Impatient, I reach out and open his shirt. The scars are blue, crisscrossing his abdomen; two kidney operations, a heart surgery.
I kneel, touching my tongue to his scars. He touches the top of my head, as I kiss his belly, his scars, his survival.
(and yes, autobiographical)
Geez, deb. You're makin' me cry.
This?
his scars, his survival
Is exactly how I view my huge neck scar. And why I dig it.
It really took some doing, to make him understand that I thought his scars were beautiful.
I've written that into scenes myself, before.
Does it ever stop feeling like fic? Cause now, I'm not straight-up ficcing as such, but it feels like I'm ficcing different people now. Lehane, David Simon, Sue Grafton, well, it still feels like doing impressions.Maybe I have to keep it that way to avoid that "What if I clutch and my dreams crash and burn?" thing.
Yup, "desserts" was wordplay. Words are fun to play with.

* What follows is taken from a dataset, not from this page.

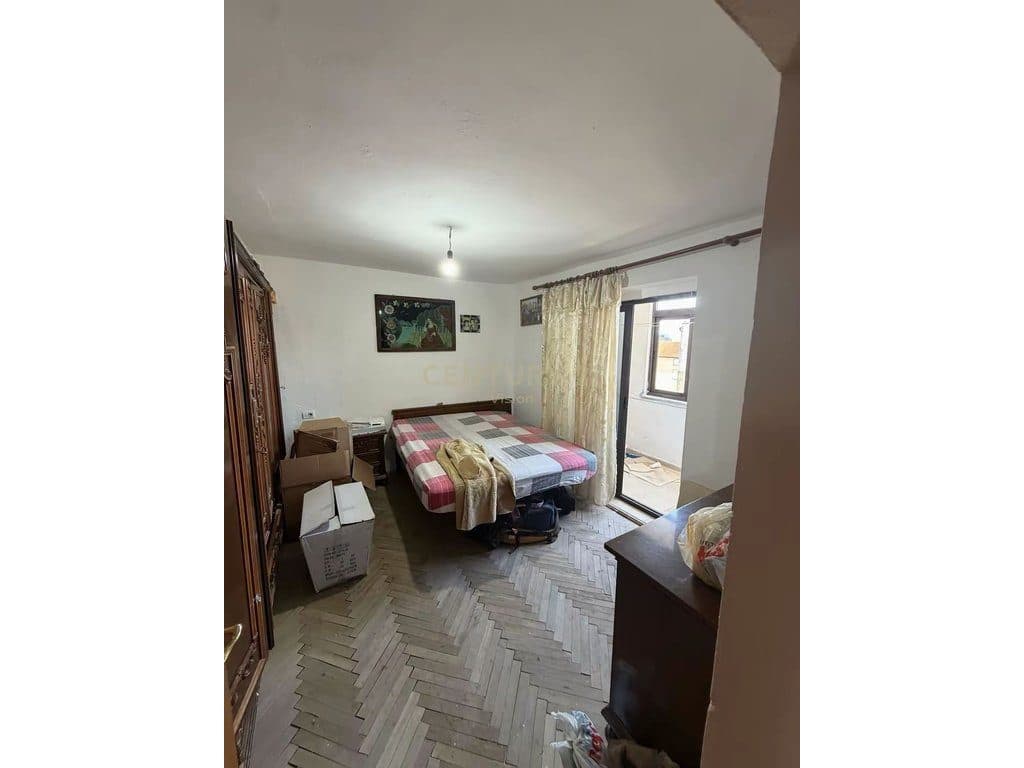 2+1 Apartment for Rent in Shkodër 300€ 4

And everyone's doing great stuff.
I pace the hallways, back and forth, my dress shoes scuffing the tiled school floor. Rehearse the words I know so well, the phrases I wrote to interest, to impress.
The student before me leaves the room, relieved to be done but annoyed at his gaffs.
A sneak peek in the window, to look at the judges, judging my predecessor as they will judge me.
I shiver. I moan. I wait.
The door opens, "We're ready when you are," and the butterfies in my stomach threaten to escape out my mouth as I smile, shake hands, and prepare to speak.
I just got my first form rejection letter (from an agent). It hurts a lot more than the personalized kind.
Aww, Susan. Sorry to hear it.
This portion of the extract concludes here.